WHAT YOU ARE ASKED TO DO: Read the lines of the data below and retrieve those with "Black".

(Short text fragments from websites)
════════

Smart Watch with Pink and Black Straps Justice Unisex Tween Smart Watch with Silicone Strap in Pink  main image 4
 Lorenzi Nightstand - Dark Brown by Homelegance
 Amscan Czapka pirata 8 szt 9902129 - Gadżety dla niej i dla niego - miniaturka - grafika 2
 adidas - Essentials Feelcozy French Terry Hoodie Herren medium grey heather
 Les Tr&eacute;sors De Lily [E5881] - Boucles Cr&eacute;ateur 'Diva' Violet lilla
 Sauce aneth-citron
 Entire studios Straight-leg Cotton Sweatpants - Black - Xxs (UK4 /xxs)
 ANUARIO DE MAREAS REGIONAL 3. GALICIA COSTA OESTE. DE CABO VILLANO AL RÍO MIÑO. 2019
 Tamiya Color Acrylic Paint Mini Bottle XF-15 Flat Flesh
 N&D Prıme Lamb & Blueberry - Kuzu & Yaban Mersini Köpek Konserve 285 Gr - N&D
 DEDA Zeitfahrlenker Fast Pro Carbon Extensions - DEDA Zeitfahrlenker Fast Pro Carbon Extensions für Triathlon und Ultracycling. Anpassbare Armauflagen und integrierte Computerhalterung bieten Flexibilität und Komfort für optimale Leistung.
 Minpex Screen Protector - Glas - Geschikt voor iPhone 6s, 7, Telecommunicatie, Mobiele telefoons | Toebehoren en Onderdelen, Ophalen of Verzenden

════════

RESPONSE TO THIS EXERCISE:
Smart Watch with Pink and Black Straps Justice Unisex Tween Smart Watch with Silicone Strap in Pink  main image 4
 Entire studios Straight-leg Cotton Sweatpants - Black - Xxs (UK4 /xxs)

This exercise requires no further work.